◆ Task prompt
Nothing below is to be printed except the lines between the line holding "Christmas Lions in Tapestry Style" and the line holding "Canapé d'angle gauche", inclusive, each exactly as it appears.

◆ Input records
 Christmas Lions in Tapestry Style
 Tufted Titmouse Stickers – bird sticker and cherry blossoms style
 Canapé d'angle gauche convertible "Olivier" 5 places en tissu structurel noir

==

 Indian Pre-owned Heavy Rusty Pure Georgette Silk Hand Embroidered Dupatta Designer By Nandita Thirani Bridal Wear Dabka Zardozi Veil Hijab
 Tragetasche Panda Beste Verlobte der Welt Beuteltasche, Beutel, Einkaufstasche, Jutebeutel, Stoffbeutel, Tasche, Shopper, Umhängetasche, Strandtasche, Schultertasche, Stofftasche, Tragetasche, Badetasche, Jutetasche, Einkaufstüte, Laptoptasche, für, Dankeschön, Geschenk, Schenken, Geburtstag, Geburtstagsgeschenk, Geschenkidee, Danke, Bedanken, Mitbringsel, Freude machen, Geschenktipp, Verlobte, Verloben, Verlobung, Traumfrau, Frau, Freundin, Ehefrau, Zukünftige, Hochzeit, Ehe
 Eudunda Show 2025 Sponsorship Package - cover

◆ Problem solution
 Christmas Lions in Tapestry Style
 Tufted Titmouse Stickers – bird sticker and cherry blossoms style
 Canapé d'angle gauche convertible "Olivier" 5 places en tissu structurel noir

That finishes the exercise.